Своеобразна и лексика хомяковских стихотворений. Если подсчитать количество определенных слов или групп однокоренных слов в языке какого-либо писателя и расположить эти группы в порядке убывания, то этот список даст возможность судить о наиболее излюбленных понятиях автора (впрочем, в поэтическом контексте могут быть весьма значительными и очень редкие слова, то есть наиболее редко встречающиеся). Важные результаты могут быть получены при сравнении таких словарей разных поэтов, при условии, конечно, что значение сходных слов в контексте творчества того или другого автора будет приблизительно одно и то же. Словарь однокоренных слов в поэзии Ф. И. Тютчева дает такую убывающую последовательность семи наиболее часто употребляющихся групп: жизнь, небо, душа, любовь, свет, сон, бог. У Пушкина: день, любовь, душа, ночь, взор, пора, конь. У Хомякова же: небо, бог, сердце, душа, мир (общество), сила, песня. Интересно, что список Хомякова ближе к тютчевскому: три общих слова — небо, душа, бог, в то время как с пушкинским списком у него общим является всего одно слово душа; интересно также, что бог у Пушкина отсутствует, а у Тютчева занимает седьмое место, у Хомякова же — второе. Удивительно точно список соответствует самым дорогим понятиям хомяковского мировоззрения вообще, а не только лирики. На основании тщательного исследования словаря Хомякова можно сделать интересные выводы о структуре лирики, об идейнохудожественной эволюции поэта по отдельным периодам, о семантическом своеобразии отдельных групп слов и т. д. Ограничимся здесь лишь самым существенным.

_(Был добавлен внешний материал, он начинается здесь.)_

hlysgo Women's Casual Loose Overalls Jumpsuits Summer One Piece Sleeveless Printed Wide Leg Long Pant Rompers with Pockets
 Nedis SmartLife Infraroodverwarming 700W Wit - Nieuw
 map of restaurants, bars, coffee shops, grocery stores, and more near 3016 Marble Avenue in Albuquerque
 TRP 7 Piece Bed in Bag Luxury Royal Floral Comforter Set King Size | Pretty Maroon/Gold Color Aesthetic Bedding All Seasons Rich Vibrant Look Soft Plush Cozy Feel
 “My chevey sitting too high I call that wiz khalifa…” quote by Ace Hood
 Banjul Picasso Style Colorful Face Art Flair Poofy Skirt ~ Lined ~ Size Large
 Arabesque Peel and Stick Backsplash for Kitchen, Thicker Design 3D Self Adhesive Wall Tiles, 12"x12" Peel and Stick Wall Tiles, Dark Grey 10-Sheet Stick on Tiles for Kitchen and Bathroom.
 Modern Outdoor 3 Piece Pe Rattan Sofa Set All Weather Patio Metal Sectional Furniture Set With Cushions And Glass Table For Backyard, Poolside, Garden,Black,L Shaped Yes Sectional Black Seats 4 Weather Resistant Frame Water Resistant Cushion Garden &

Нельзя не отметить, например, коренное изменение понятий «гордость» и «смирение». В двадцатых и тридцатых годах «гордый» — частый и хвалебный эпитет поэта. Слова же «смирный», «смиренный» единичны; по смыслу они или стилистически нейтральны, входя в поэтический штамп («смиренная обитель»), или резко отрицательны, употреблены с презрительно-уничижительным оттенком: «смиренный раб» («Желание покоя»). В славянофильской лирике, наоборот, «смирение» становится очень часто встречающимся словом, имеющим самый положительный смысл, а «гордость» приобретает отрицательное значение, связывается с «неправедным» путем («Гордись! — тебе льстецы сказали...», «гордыня» у Наполеона и т. д.). Эпитет «гордый» применяется теперь не к Поэту, а к политическим и национальным врагам (маджары и турки в «Сербской песне»), к «черни людской» («Подвиг есть и в сраженье...»).